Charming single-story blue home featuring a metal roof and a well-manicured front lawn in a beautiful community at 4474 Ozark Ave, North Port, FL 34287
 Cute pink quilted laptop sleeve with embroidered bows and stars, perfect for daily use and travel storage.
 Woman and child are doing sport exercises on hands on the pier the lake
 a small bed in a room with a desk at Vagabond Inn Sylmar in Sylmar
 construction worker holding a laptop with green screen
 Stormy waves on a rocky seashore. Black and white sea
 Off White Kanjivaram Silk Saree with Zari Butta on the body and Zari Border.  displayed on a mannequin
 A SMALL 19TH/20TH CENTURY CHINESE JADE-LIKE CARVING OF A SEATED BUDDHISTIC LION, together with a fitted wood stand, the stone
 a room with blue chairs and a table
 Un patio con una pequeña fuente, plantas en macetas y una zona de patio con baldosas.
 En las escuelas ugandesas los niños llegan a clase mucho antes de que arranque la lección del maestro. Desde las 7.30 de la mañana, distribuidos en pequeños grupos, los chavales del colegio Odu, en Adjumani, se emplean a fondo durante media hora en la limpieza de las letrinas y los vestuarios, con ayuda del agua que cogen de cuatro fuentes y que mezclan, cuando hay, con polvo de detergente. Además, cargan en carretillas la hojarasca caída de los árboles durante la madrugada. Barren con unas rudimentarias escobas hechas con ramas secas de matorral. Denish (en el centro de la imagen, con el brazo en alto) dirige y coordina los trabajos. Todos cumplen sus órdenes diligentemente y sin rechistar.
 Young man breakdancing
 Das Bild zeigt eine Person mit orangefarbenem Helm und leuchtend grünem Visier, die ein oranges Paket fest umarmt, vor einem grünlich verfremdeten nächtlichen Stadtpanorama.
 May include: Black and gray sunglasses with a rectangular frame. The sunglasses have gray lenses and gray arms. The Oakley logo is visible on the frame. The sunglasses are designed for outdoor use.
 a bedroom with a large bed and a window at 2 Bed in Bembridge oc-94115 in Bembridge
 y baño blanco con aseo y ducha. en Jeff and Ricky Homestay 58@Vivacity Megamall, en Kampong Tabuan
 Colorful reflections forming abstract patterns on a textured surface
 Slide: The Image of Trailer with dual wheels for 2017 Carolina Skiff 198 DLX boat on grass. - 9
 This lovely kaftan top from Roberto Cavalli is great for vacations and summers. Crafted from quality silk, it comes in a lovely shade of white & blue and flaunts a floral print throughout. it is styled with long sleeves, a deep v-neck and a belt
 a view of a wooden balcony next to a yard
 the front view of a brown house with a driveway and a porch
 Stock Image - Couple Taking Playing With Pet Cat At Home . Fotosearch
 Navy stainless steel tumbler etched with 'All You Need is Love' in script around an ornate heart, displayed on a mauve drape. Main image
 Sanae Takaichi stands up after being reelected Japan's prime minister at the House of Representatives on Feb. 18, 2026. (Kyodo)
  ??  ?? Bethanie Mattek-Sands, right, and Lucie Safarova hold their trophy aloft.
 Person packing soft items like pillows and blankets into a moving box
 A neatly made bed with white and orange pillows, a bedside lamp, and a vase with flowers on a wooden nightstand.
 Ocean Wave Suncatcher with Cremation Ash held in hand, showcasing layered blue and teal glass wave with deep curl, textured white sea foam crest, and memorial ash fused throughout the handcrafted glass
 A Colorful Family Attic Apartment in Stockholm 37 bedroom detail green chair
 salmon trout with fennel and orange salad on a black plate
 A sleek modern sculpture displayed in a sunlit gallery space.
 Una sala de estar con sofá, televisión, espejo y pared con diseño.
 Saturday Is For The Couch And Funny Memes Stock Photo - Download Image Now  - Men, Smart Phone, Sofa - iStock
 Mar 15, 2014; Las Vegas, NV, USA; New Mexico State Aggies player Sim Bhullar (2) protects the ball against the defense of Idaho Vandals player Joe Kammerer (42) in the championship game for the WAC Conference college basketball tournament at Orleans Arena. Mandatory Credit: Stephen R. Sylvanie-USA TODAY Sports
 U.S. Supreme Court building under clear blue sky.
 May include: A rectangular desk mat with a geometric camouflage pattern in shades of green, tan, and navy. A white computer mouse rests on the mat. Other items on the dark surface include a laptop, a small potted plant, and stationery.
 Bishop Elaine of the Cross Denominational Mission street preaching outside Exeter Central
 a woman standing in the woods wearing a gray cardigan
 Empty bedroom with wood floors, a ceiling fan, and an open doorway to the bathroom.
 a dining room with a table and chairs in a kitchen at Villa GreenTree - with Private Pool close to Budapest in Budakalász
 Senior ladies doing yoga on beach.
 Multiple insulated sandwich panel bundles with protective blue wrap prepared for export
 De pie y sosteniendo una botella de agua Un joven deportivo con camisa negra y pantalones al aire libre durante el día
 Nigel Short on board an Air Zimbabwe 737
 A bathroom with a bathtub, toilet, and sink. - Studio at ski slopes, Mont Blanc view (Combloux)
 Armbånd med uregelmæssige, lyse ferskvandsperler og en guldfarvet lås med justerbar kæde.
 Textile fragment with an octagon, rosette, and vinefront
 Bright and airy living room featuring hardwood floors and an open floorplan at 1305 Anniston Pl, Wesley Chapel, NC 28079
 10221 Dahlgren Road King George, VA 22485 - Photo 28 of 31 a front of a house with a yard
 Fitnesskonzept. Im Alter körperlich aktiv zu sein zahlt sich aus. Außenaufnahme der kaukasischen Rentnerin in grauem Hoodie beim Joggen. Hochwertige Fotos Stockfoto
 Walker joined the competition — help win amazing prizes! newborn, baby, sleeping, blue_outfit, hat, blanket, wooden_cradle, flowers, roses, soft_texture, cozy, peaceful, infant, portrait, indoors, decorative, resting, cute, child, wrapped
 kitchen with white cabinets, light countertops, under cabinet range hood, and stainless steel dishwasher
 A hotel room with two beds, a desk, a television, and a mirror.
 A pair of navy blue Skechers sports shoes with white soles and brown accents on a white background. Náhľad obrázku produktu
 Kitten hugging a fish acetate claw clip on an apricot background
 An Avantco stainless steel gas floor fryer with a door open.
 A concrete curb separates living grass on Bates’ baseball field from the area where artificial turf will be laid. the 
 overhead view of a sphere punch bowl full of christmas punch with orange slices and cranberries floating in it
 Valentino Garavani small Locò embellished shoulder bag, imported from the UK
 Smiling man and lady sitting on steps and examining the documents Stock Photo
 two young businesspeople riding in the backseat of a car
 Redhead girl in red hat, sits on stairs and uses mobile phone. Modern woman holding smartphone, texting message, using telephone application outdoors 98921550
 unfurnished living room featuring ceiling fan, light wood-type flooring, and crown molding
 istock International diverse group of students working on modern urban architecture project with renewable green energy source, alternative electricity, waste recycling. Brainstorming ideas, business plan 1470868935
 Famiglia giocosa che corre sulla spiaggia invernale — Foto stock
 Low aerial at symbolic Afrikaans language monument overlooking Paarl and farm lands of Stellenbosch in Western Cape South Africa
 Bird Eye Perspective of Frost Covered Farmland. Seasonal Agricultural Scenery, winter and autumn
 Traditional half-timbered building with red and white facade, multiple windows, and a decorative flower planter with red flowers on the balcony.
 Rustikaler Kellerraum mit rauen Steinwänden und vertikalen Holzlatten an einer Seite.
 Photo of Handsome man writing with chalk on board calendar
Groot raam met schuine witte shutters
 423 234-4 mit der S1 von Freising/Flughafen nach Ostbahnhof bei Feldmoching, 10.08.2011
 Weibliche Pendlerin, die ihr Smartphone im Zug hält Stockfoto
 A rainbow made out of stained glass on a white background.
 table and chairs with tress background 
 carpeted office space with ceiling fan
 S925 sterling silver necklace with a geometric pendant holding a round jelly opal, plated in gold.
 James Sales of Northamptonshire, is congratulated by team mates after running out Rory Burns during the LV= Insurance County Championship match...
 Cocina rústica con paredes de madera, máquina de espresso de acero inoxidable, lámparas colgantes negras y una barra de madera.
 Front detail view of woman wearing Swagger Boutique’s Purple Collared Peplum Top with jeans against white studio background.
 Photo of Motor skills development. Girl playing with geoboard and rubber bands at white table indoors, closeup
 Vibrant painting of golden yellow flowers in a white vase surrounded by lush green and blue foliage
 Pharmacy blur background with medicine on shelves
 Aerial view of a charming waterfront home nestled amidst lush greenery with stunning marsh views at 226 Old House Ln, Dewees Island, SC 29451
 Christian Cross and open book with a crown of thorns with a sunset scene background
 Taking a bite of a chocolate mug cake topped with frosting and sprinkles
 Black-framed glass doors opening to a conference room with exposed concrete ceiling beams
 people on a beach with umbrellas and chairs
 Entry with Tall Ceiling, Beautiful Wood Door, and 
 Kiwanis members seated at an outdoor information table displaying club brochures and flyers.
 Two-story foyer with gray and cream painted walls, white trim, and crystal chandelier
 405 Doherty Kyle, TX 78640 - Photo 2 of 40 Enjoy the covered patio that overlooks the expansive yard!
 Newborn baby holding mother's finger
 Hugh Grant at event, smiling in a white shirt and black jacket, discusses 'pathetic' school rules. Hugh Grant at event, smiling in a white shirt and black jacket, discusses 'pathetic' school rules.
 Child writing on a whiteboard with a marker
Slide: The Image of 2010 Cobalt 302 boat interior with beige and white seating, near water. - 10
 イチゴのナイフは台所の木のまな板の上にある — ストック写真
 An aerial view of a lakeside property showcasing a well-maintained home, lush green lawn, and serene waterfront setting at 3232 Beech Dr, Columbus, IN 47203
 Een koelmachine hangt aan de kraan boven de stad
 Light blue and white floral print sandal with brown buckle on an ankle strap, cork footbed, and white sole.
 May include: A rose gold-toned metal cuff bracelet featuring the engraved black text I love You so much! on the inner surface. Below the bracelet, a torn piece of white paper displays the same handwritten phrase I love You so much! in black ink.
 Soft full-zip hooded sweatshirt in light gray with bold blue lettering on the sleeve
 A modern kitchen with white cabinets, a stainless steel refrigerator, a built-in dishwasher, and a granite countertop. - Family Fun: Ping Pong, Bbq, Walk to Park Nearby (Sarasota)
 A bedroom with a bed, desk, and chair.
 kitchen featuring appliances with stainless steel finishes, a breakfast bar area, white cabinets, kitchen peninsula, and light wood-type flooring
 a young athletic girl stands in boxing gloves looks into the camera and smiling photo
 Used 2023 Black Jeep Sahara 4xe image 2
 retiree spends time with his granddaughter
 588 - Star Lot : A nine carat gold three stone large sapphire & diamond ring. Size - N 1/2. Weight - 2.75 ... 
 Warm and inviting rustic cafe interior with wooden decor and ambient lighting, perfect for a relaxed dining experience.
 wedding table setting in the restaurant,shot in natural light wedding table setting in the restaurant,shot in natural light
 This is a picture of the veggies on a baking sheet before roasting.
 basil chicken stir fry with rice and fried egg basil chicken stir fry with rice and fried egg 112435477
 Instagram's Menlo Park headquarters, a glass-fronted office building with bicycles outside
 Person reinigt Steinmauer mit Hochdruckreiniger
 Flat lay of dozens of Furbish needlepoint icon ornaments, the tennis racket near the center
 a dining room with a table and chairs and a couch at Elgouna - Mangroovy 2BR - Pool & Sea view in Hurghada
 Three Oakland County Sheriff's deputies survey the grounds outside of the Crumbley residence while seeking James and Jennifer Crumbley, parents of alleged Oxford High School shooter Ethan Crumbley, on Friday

┄┄┄┄┄┄

## WHAT IS REQUIRED
Could you set down, word for word, only the lines above from the line with "Armbånd med uregelmæssige, lyse" to the line with "Bright and airy", including both?

## RESULT OF THE EXERCISE
 Armbånd med uregelmæssige, lyse ferskvandsperler og en guldfarvet lås med justerbar kæde.
 Textile fragment with an octagon, rosette, and vinefront
 Bright and airy living room featuring hardwood floors and an open floorplan at 1305 Anniston Pl, Wesley Chapel, NC 28079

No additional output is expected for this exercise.